▶ _Exercise data_
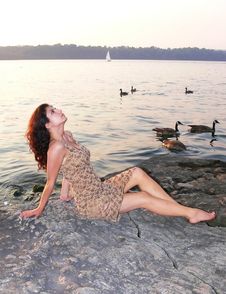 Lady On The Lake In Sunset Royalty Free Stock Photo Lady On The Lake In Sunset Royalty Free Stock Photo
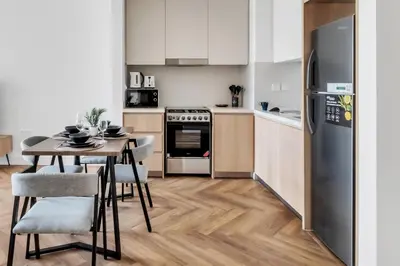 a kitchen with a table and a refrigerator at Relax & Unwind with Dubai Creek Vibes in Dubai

--

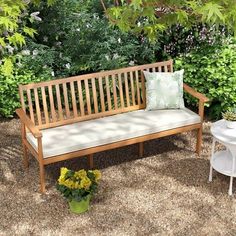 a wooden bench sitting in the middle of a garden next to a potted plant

▶ _Problem to solve_
Would you output the lines above from the line holding "Lady On The Lake In Sunset Royalty Free Stock Photo Lady" up to and including the line holding "a kitchen with", exactly and only those, with no pictures?

▶ _Written answer_
 Lady On The Lake In Sunset Royalty Free Stock Photo Lady On The Lake In Sunset Royalty Free Stock Photo
 a kitchen with a table and a refrigerator at Relax & Unwind with Dubai Creek Vibes in Dubai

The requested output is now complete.